**Exercise details:** The answer must be the lines from the one that holds "Power Health - Classics" through the final line of the data, copied exactly, with no pictures.

**Material for this exercise:**
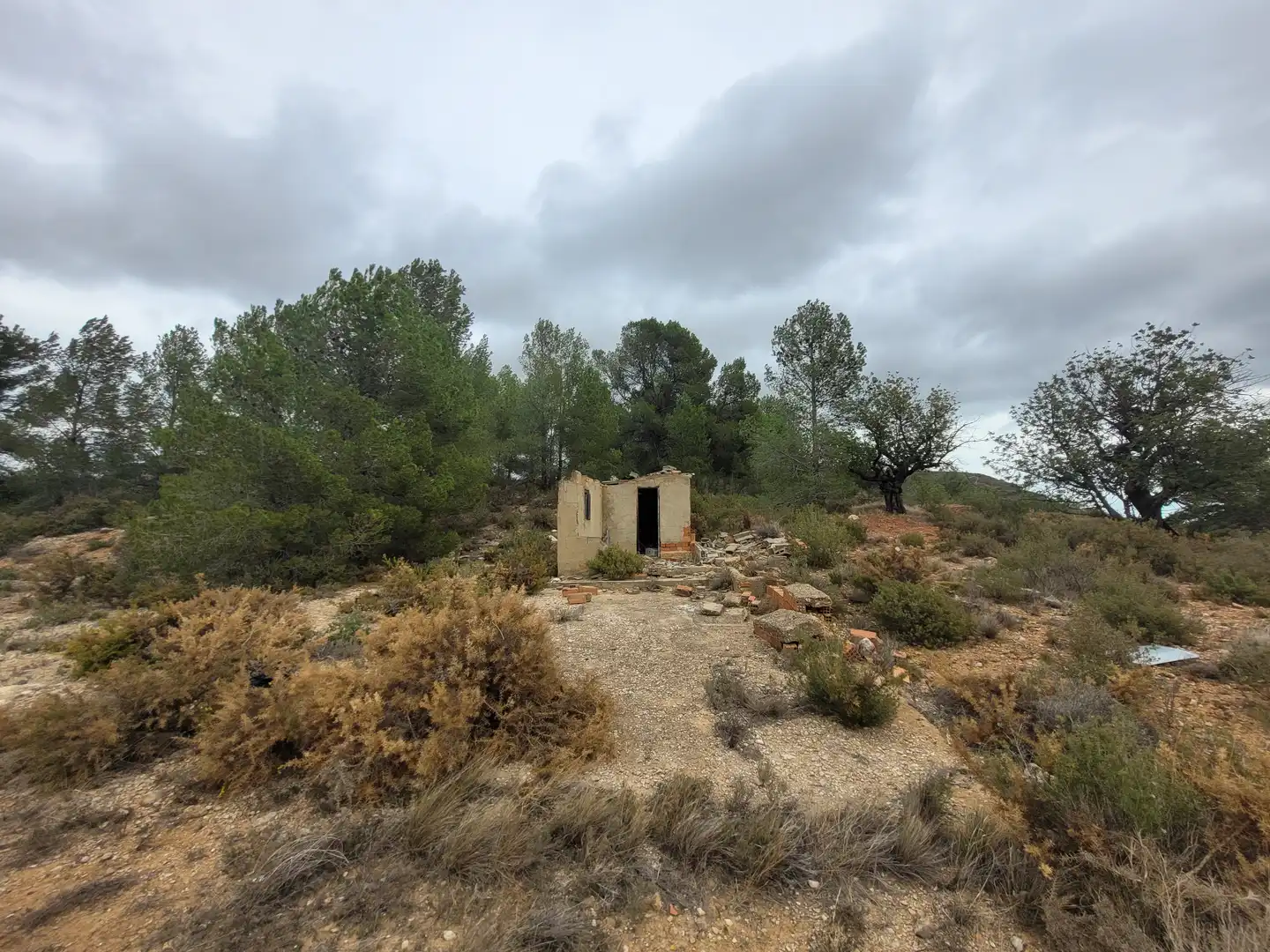 Detached house with garden for sale in Turís, imagen 12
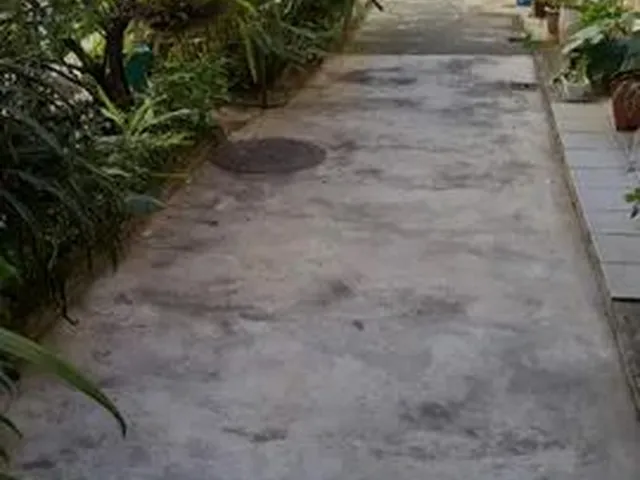 Imagem: Casa de Vila para Aluguel Grajaú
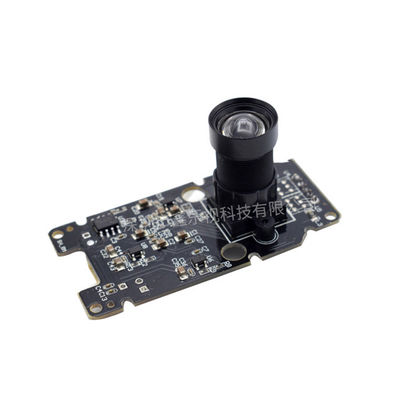 SONY IMX179 USB2.0 8MP Camera Module Drive livre para o varredor de alta velocidade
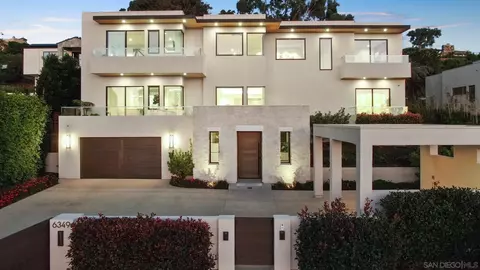6349 Castejon Dr, La Jolla, CA 92037 photo 2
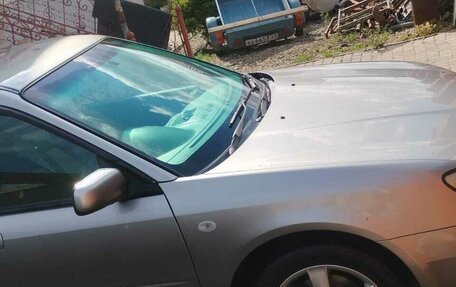 Subaru Impreza III, 2006 год, 385 000 рублей, 9 фотография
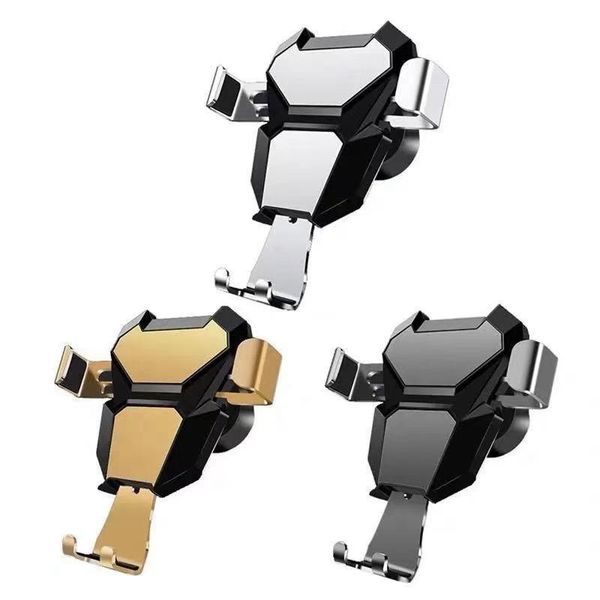 interior decorations aluminum alloy car mobile phone support navigation frame multi-functional automatic gravity sensing
interior decorations aluminum alloy car mobile phone support navigation frame multi-functional automatic gravity sensing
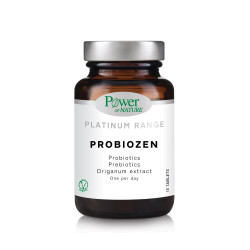 Power Health - Classics Platinum Range Probiozen - 15 tabs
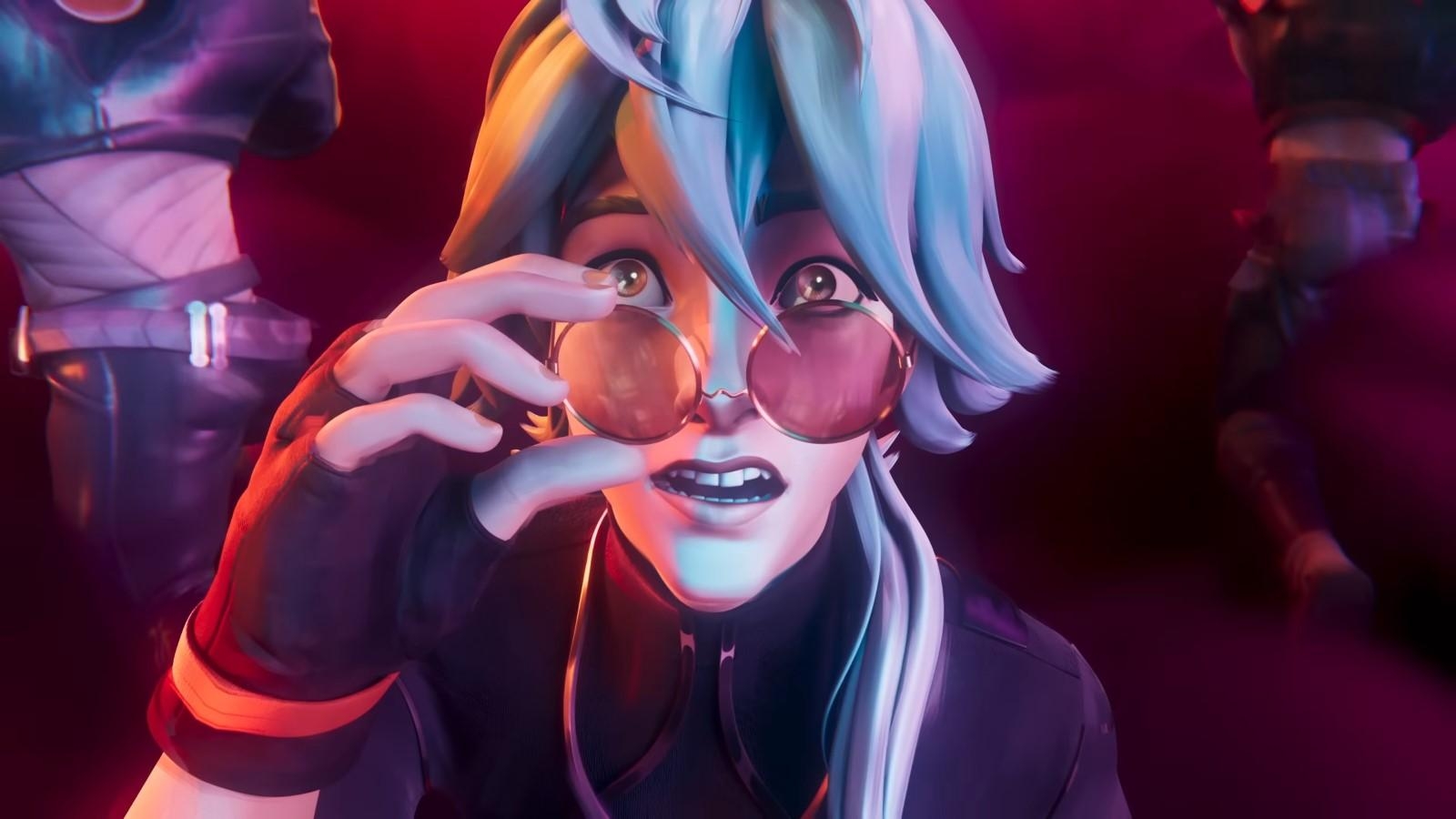 1600x900 League's Twitter account called out for claiming Heartsteel is 'serving c*nt', Desktop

**Answer to this exercise:**
 Power Health - Classics Platinum Range Probiozen - 15 tabs
 1600x900 League's Twitter account called out for claiming Heartsteel is 'serving c*nt', Desktop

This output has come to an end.